“A lot of strange things happen in this place.”
When the rumblings and rumors eventually gave way to legitimate news—that Hayao Miyazaki would come out of retirement for one final project—what will almost surely be the legendary animation director’s swan song1 was initially given the title How Do You Live? I wasn’t worried that Miyazaki would return as a mere nostalgia act, but the title suggested a cumulative gravity and didactic intention that I thought might burden the final product. I am happy to say my fears were misguided and that How Do You Live? would have been a completely appropriate title. Released as The Boy and the Heron, which strips away any moral or philosophical connotations in favor of a rather straightforward catalog description, the film actually does play a bit like a greatest hits album and does indulge in some blunt philosophizing, but it does these things on the margins of a film dominated by multivalent symbolism, universal humor, touches of menace and morbidity, evocative music, and the casual wonderment that’s become synonymous with Studio Ghibli. It’s not quite an apotheosis (I feel like The Wind Rises or Spirited Away are probably the best as far as all-encompassing summations go though neither are my favorite Miyazaki), but it’s worth thinking about it in those terms.

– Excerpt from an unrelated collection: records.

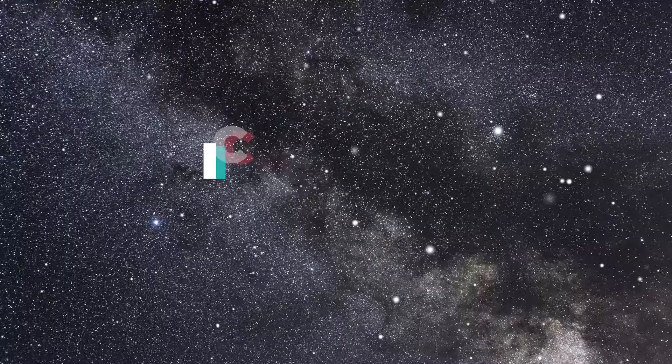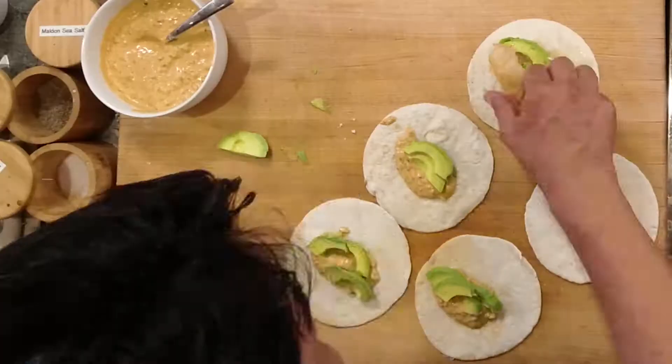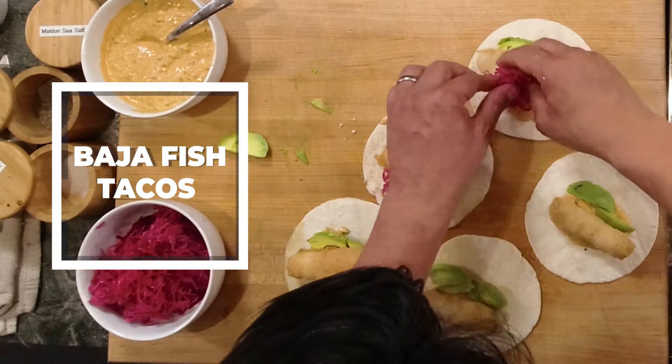Today we're making fish tacos, and I absolutely love this recipe. I've been cooking these throughout my career for years. I highlight them at two of my restaurants in Philadelphia, at Buena Onda and Distrito. And what I really love about this recipe is the crispy batter.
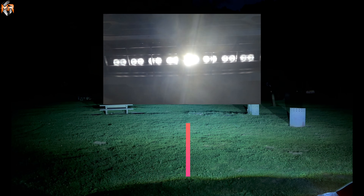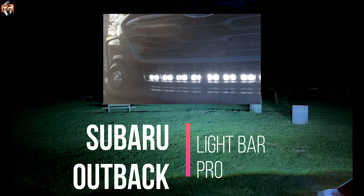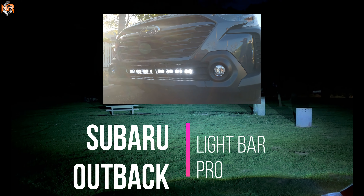Hey guys, how's it going? This is Mike from MNDR Automotive. We're in a Subaru Outback and I'm doing a light output video of a 30-inch Pro Series light bar.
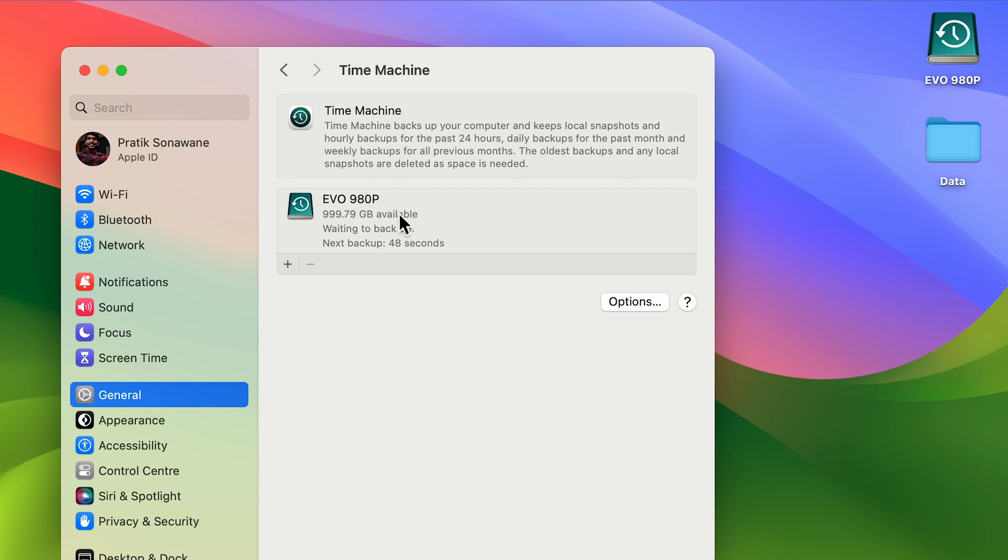Now the disk has appeared and it is showing 'Waiting to Backup.' We need to wait for the backup to start. Now you can see it will start the backup to this particular disk. It will definitely take some time to complete the backup, and once the backup is complete, you'll get notified. You can check your last backup time here.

Unfolding against the backdrop of WWII, the film centers on a young boy named Mahito (Luca Padovan in the English dub) whose encounter with a belligerent talking heron (Robert Pattinson—say what?) leads him to a mysterious tower in the woods that serves as a gateway to a precarious shadow realm populated by man-eating parakeets, bubble-like spirits of the unborn, a pyrokinetic woman who may be Mahito’s dead mother as a child (Karen Fukuhara), and a wizened wizard (Mark Hamill) whose teetering tower of toy blocks keeps the entire dimension in-balance. Suffuse with fantastical scenarios that echo real-life dynamics in curious ways as well as mysterious and enchanting phenomena with no easy reading, the film is continually transporting the audience to the next phase of its ever-evolving dreamworld, never really allowing us to find a secure frame of reference from which to interpret everything that we see. The constant reorientation and obscure allegorizing does tend to overwhelm the storytelling, as character, relationships, story, and emotional swells are often compromised for the sake of phantasmagorical stream-of-consciousness spectacle. (I suspect there’s a cut scene or two that may exacerbate this as well.)

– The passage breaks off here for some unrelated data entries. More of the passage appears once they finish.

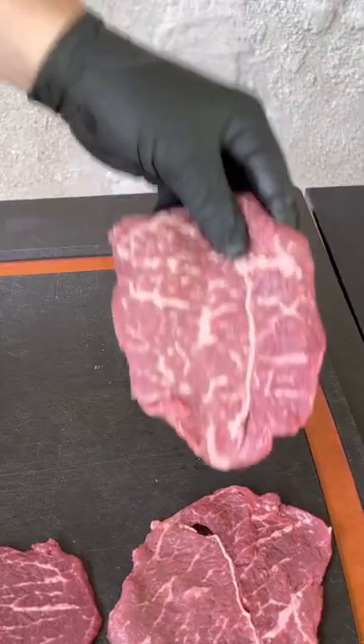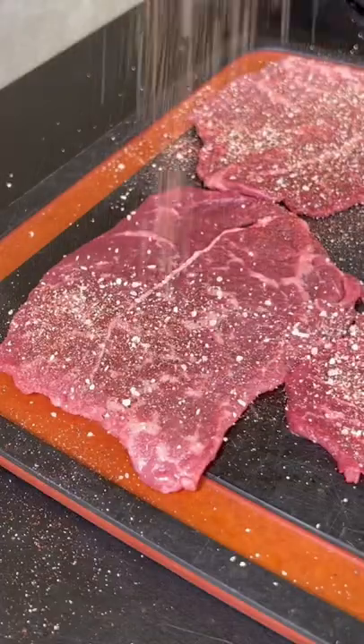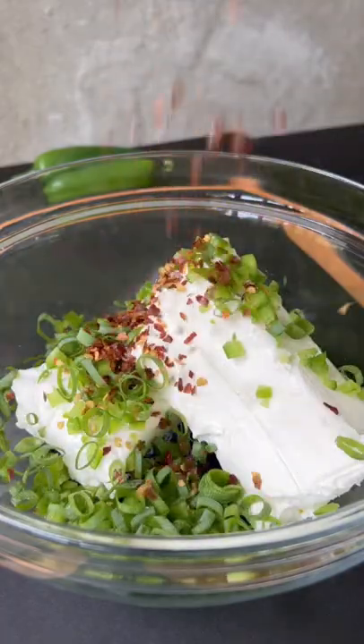Let's make some amazing jalapeño popper pinwheels. That is thinly cut top sirloin. We're going to go ahead and season it with our dry rub and then make our jalapeño popper cream cheese filling.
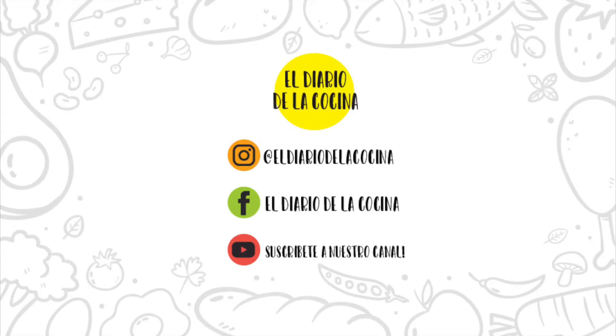Si te gustó el video no te olvides de dejarnos un like y suscribirte al canal porque estaremos subiendo videos continuamente, y si deseas más información sobre esta receta y todas las otras, te dejamos en la descripción nuestra nueva página web.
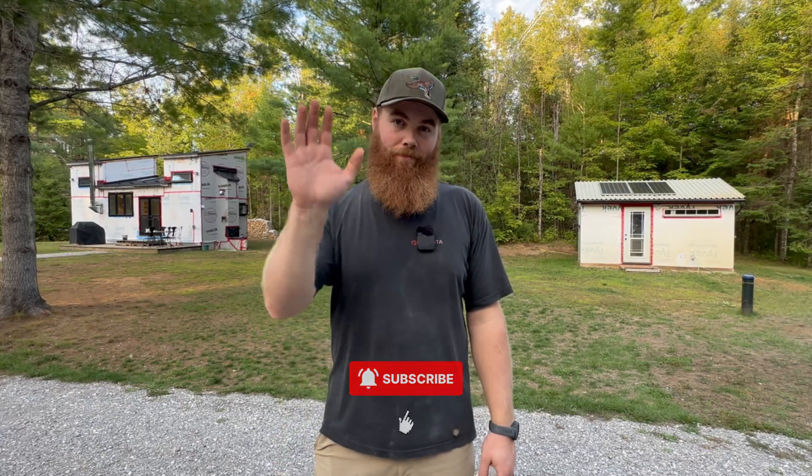Thank you so much for watching till this point in the video. If you don't mind, drop me a like — it really helps get this video out to people who need to see it. Also make sure you watch the off-grid washroom video or the battery setup one. I'm always creating content, so make sure you subscribe as well. Until the next one, I'll see you then.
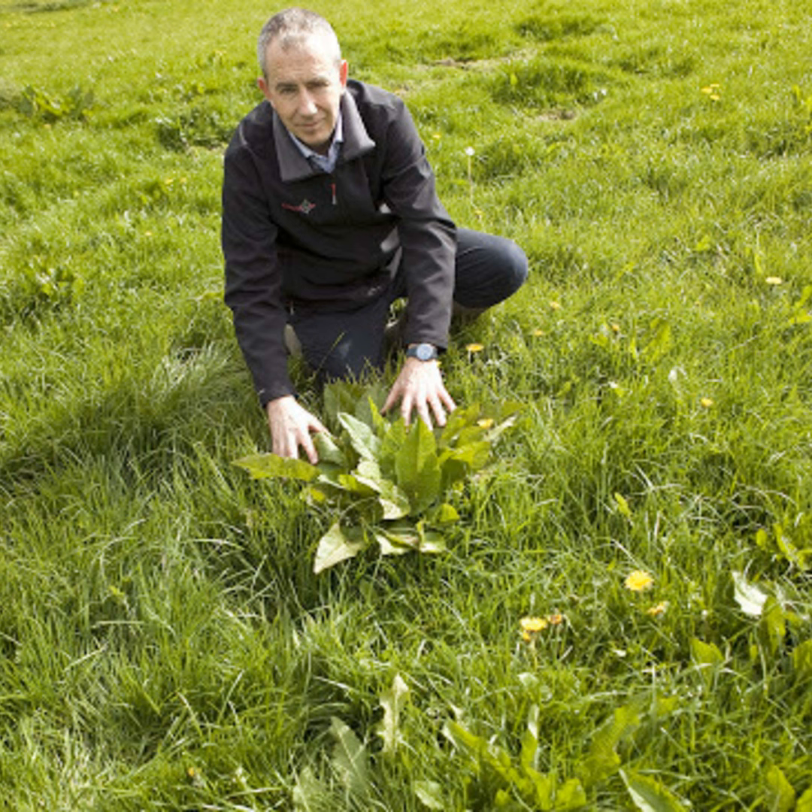Would the same apply in relation to dandelions? Not so bad with dandelions when they go into flower, because they tend not to grow very tall. They can really be sprayed at any time of year, and nearly all the products we carry — whether that's Dock Star Pro, Master Trio, or Forefront T — will all control dandelions too.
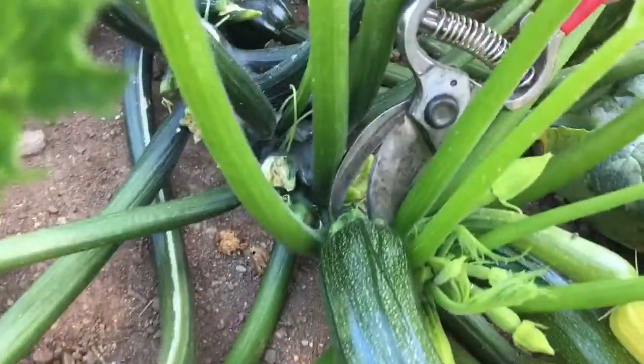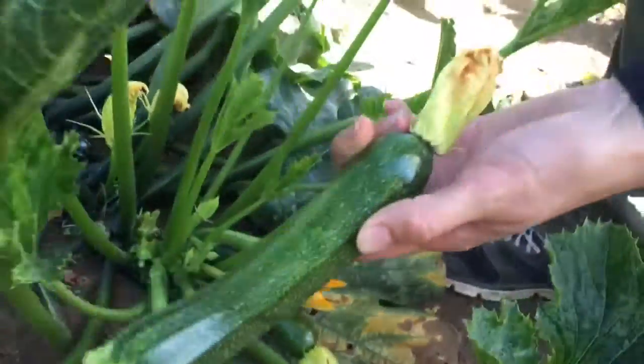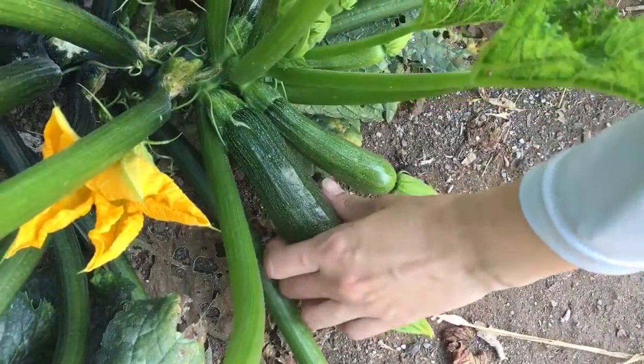Notice when harvesting the zucchini — notice the size. The first way we're going to harvest is with a clipper. You could also probably use a scissor or a kitchen shear.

In the early portion of the film, which bears many biographical details, Mahito is clearly a standin for the filmmaker himself. And yet in the latter half of the film the protagonist comes to represent the viewer, with Miyazaki speaking to us through the wizard. At least that’s my take on it. After a lifetime of toil, the wizard can no longer keep up the balancing act. He realizes he must relinquish control. And besides, the blocks he uses are tainted by malice. His priceless gift, a set of carefully guarded, untainted blocks, is turned down by Mahito, the heir apparent, who believes he must first be delivered from his own sinful nature.
It’s a single multifaceted element in a film defined by them, but let me offer a few interpretations: for one, Miyazaki is sorry that he never groomed a legitimate successor, for just as there is no one to replace the wizard and keep the world spinning with his imagination so there’s no one to take the reins when Miyazaki finally calls it quits. For two, he’s burdened by his legacy; by having spent a lifetime trying to create things that might endure and enrich the world out of elements “tainted by malice.” For three, he’s at least somewhat regretful over having neglected his family for the sake of his career, for the wizard is Mahito’s granduncle, who many presumed dead but who had really been hiding in his tower tinkering in his own imagination.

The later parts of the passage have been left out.